--- Task details ---
For this task, output every entry below exactly and omit the pictures.

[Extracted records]
+++
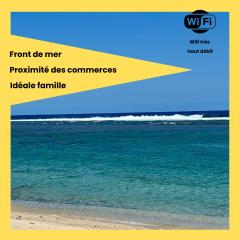 Villa Le Lagon Maison de vacances au bord de mer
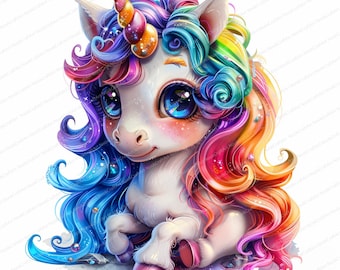 ユニコーンの幻想的なアート 幻想的なユニコーン CG集 152枚（Copyrightあり） | CG素材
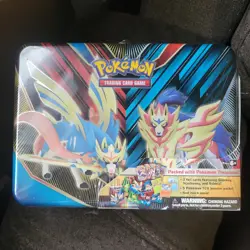 Pokemon TCG Zacian & Zamazenta Collector's Chest Tin Set - Factory Sealed - Image 2
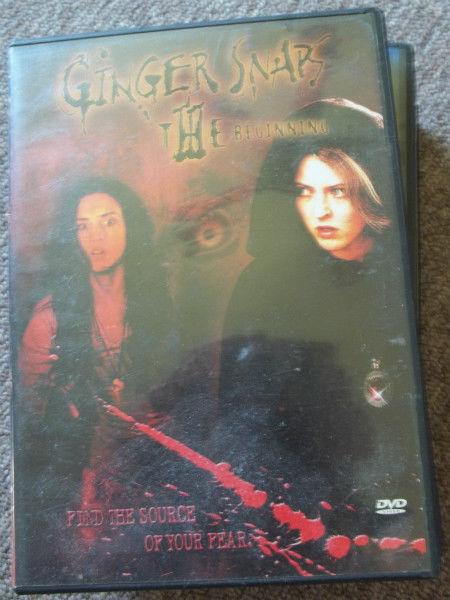 Ginger Snaps: The Beginning DVD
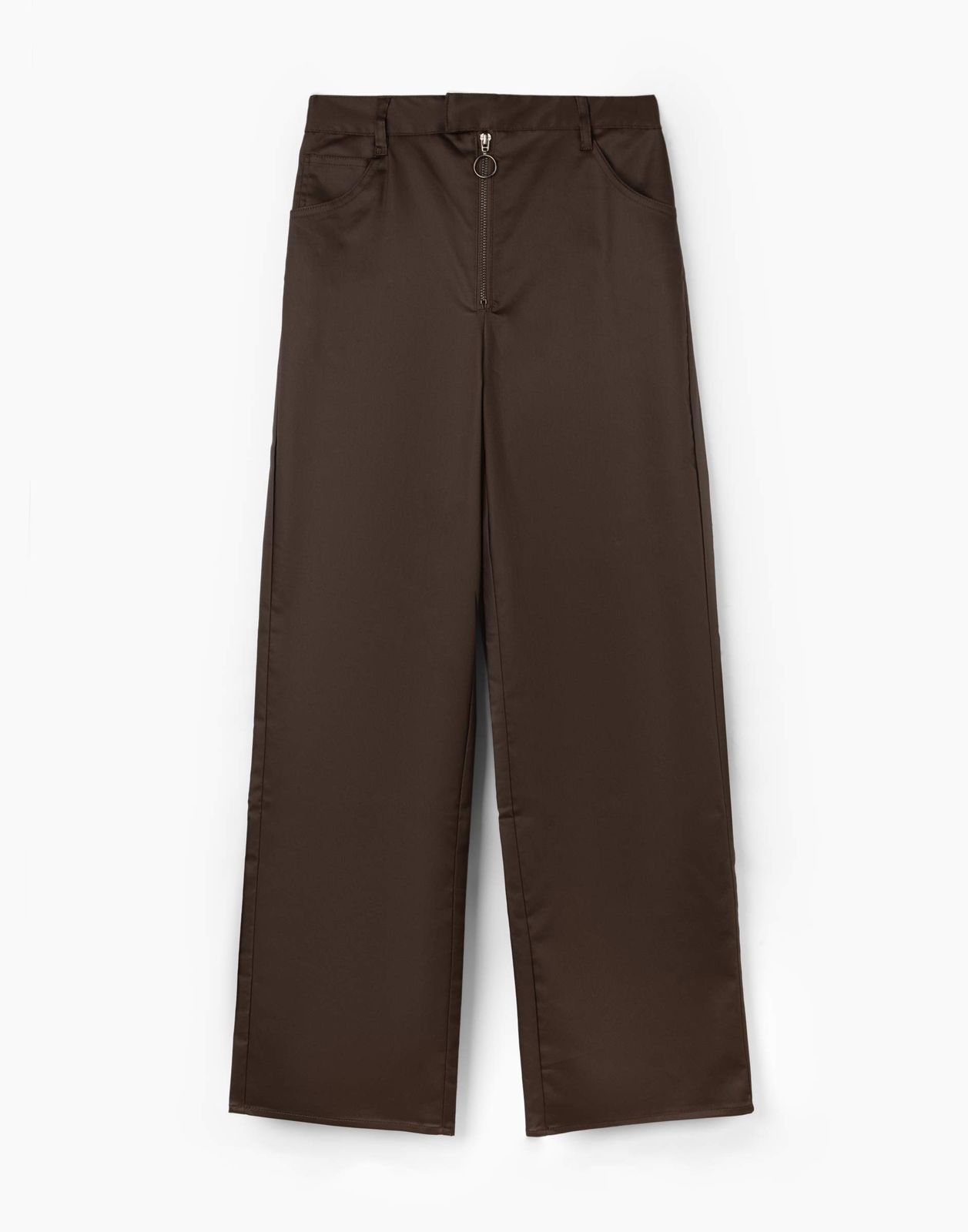 

Брюки женские Gloria Jeans GPT009980 коричневый S/170, GPT009980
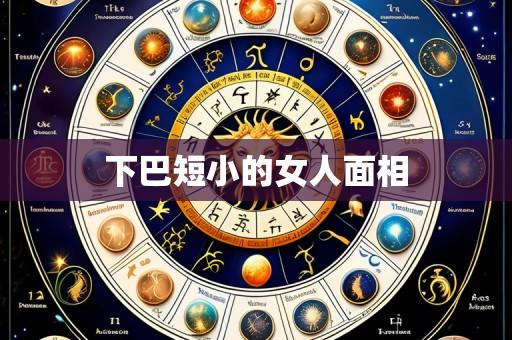 下巴短小的女人面相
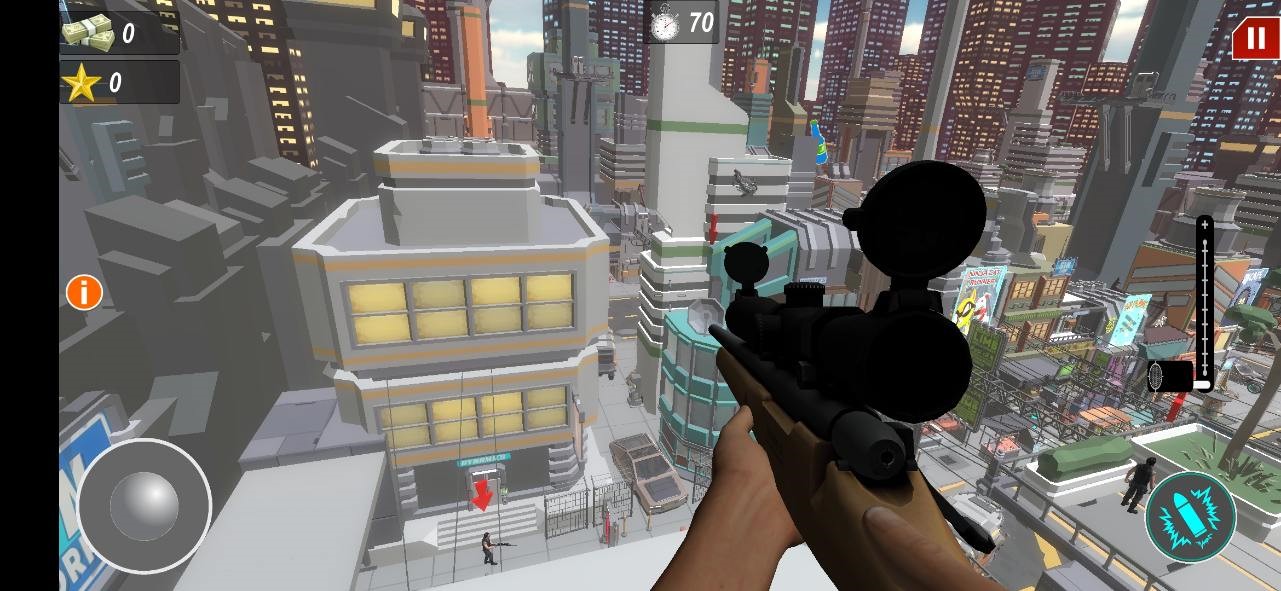 Honor-20-Aufs-Ziel-genau-bei-FPS-Games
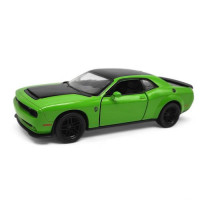 Машинка металева "KINSMART DODGE CHALLENGER SRT-DEMON" (ЗЕЛЕНА)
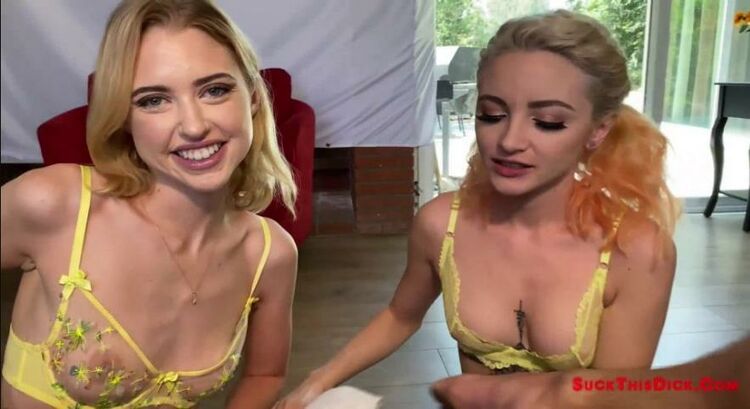 Onlyfans.com - Lola Fae, Chloe Cherry - Suck This Dick [FullHD 1080p]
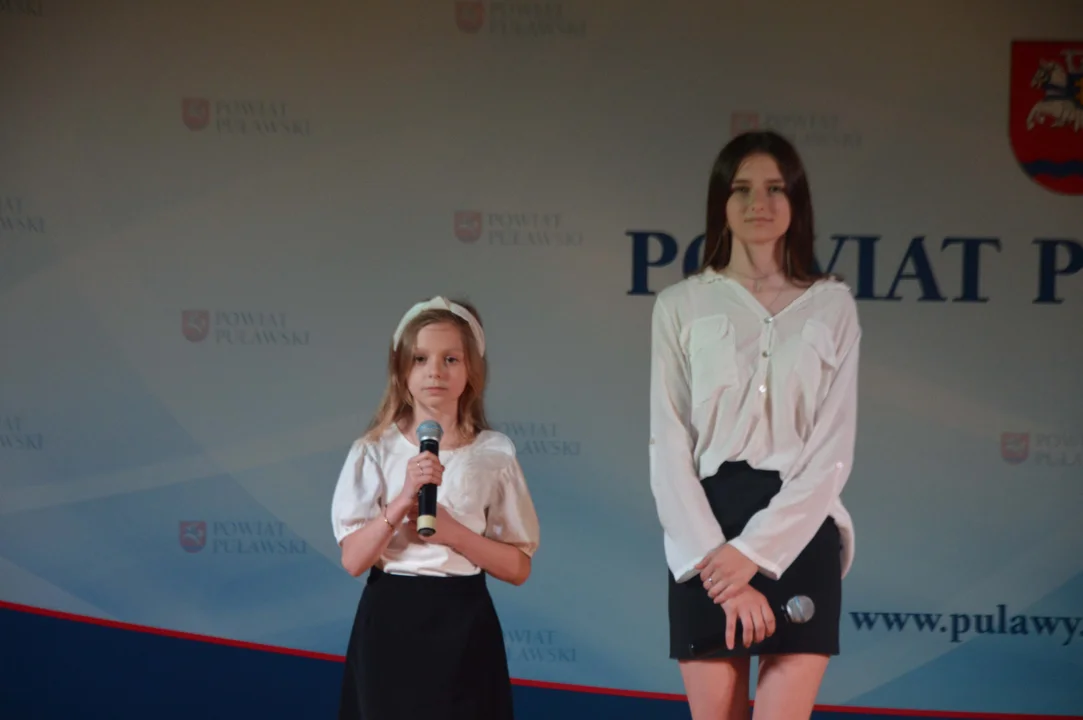 Gala "Być Najlepszym" w hali ZST w Puławach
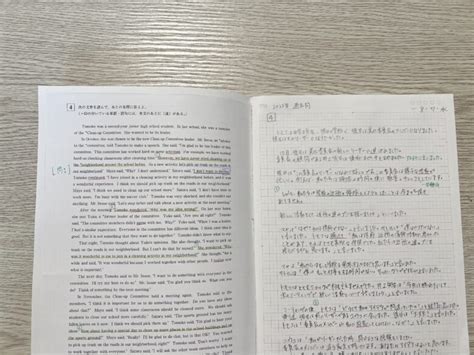 【英語が得意になる！】英語長文ノートの作り方 学年1位の勉強法 │はなの勉強部屋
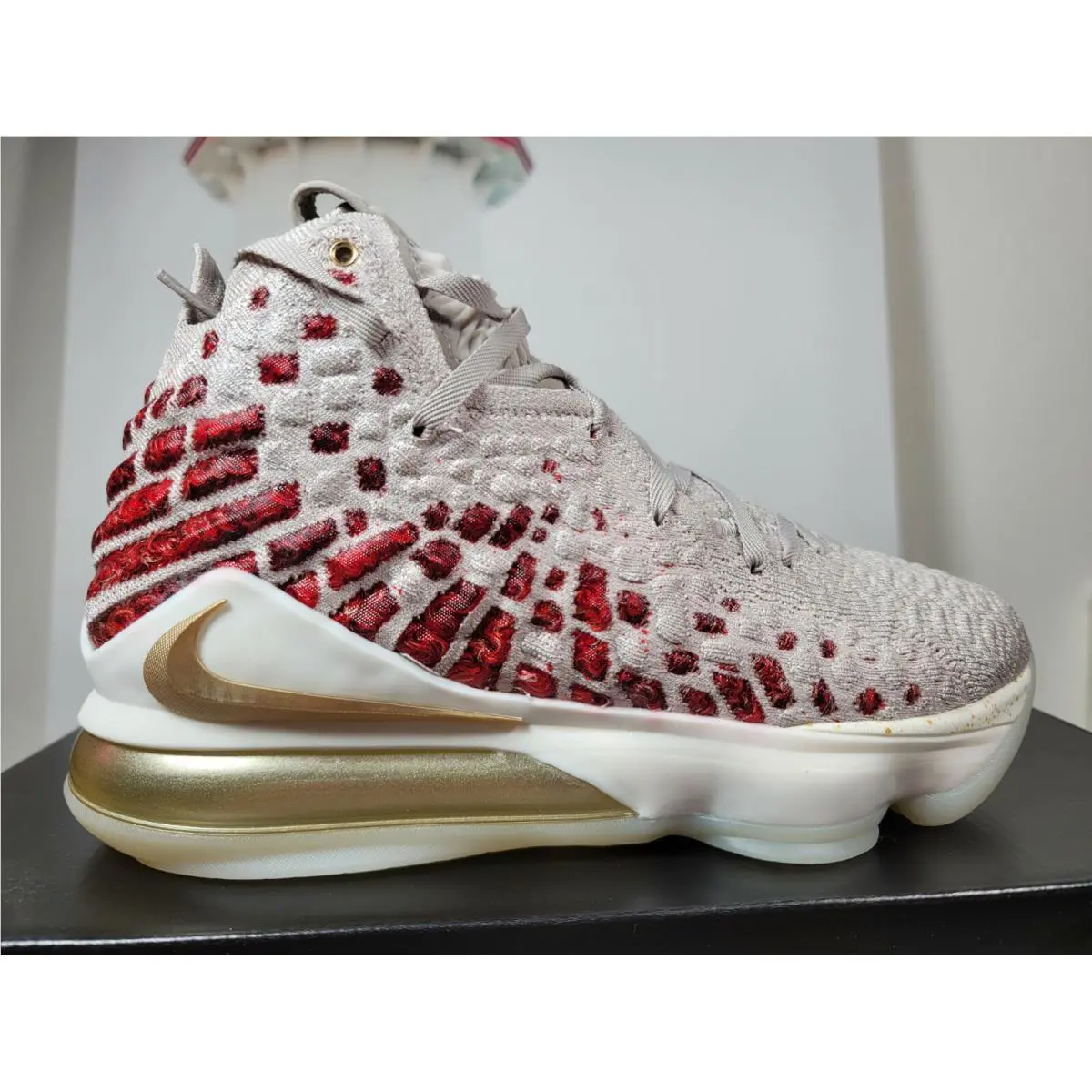 Nike shoes - Nike Air Max LeBron XVII - CT3466-001 - Beige (UPC: 193153688567) 1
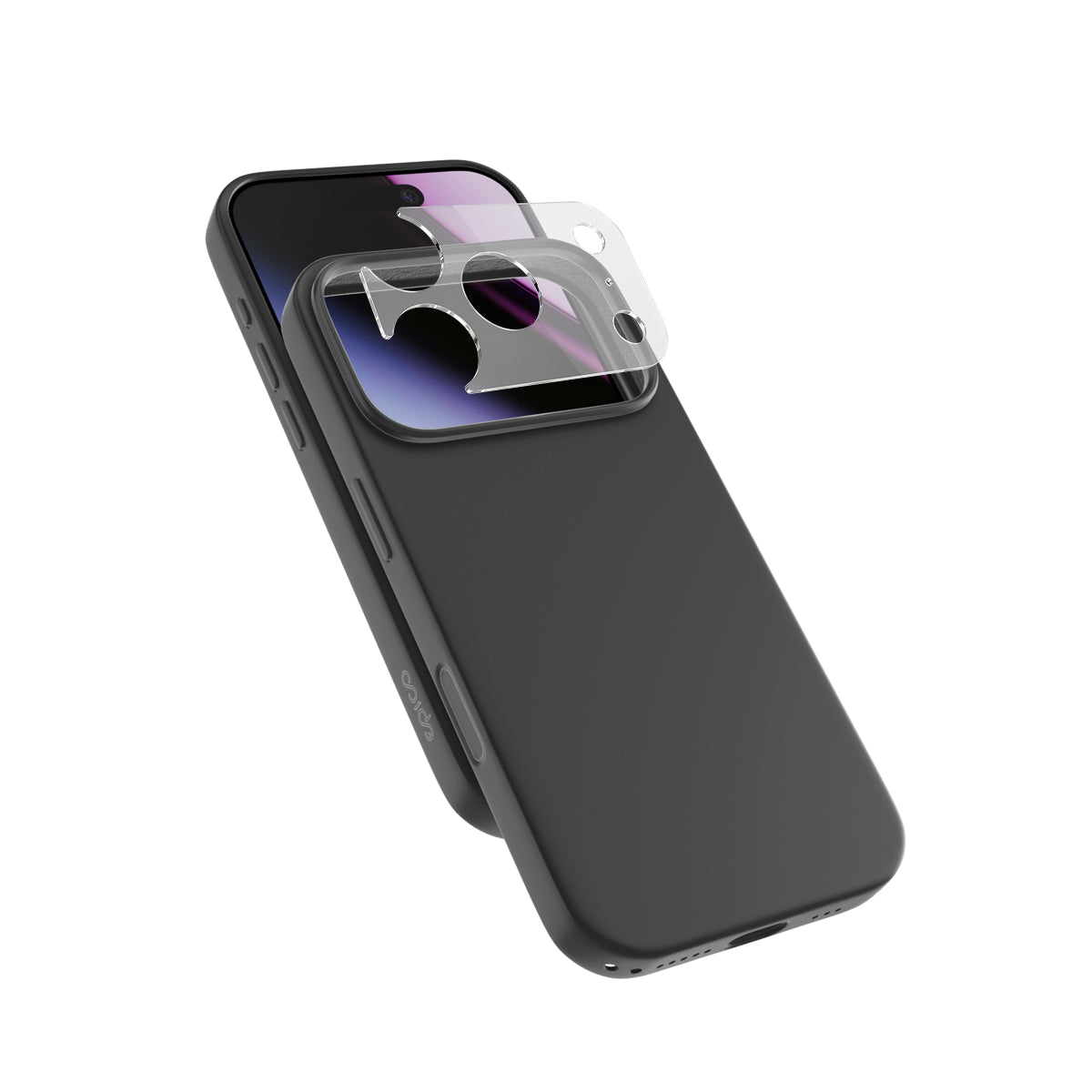 Epico Silicone Pro Mag+ Case iPhone 17 Pro/18 Pro Qi2 & MagSafe kompatibilis - Fekete (Kamerasziget védő)
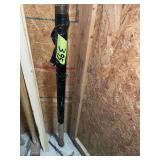 Metal Hand Hoe with Wrapped Handle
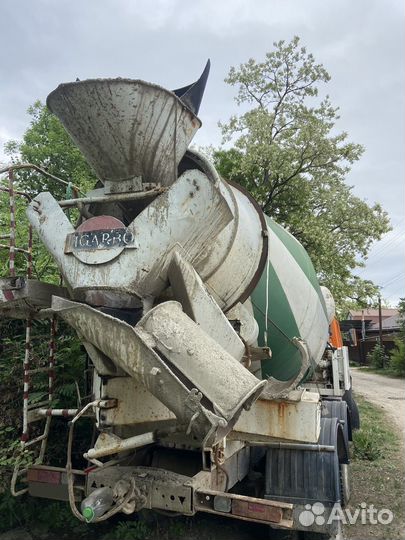 Автобетоносмеситель КАМАЗ 55102, 1990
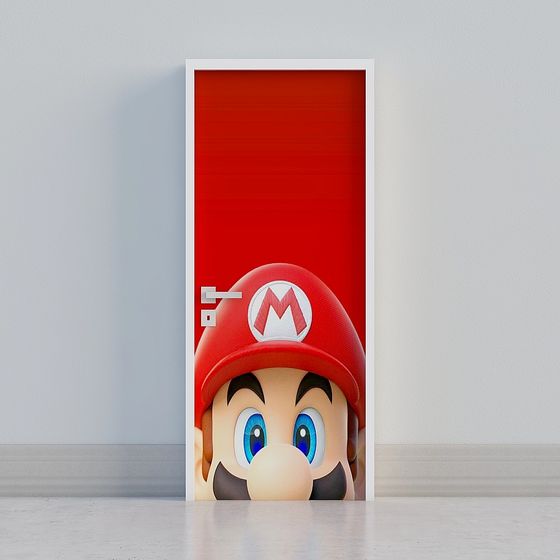 Mario's Door 3D Model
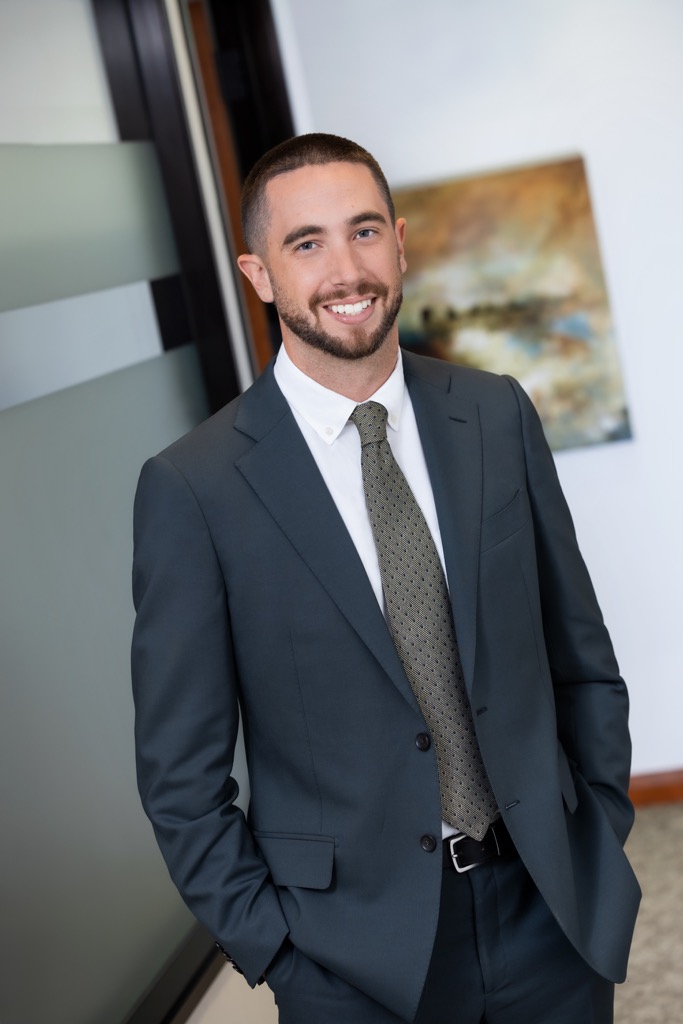 Portrait of Howard Bruno, attorney at law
+++
--- Solution to this exercise ---
 Villa Le Lagon Maison de vacances au bord de mer
 ユニコーンの幻想的なアート 幻想的なユニコーン CG集 152枚（Copyrightあり） | CG素材
 Pokemon TCG Zacian & Zamazenta Collector's Chest Tin Set - Factory Sealed - Image 2
 Ginger Snaps: The Beginning DVD

Брюки женские Gloria Jeans GPT009980 коричневый S/170, GPT009980
 下巴短小的女人面相
 Honor-20-Aufs-Ziel-genau-bei-FPS-Games
 Машинка металева "KINSMART DODGE CHALLENGER SRT-DEMON" (ЗЕЛЕНА)
 Onlyfans.com - Lola Fae, Chloe Cherry - Suck This Dick [FullHD 1080p]
 Gala "Być Najlepszym" w hali ZST w Puławach
 【英語が得意になる！】英語長文ノートの作り方 学年1位の勉強法 │はなの勉強部屋
 Nike shoes - Nike Air Max LeBron XVII - CT3466-001 - Beige (UPC: 193153688567) 1
 Epico Silicone Pro Mag+ Case iPhone 17 Pro/18 Pro Qi2 & MagSafe kompatibilis - Fekete (Kamerasziget védő)
 Metal Hand Hoe with Wrapped Handle
 Автобетоносмеситель КАМАЗ 55102, 1990
 Mario's Door 3D Model
 Portrait of Howard Bruno, attorney at law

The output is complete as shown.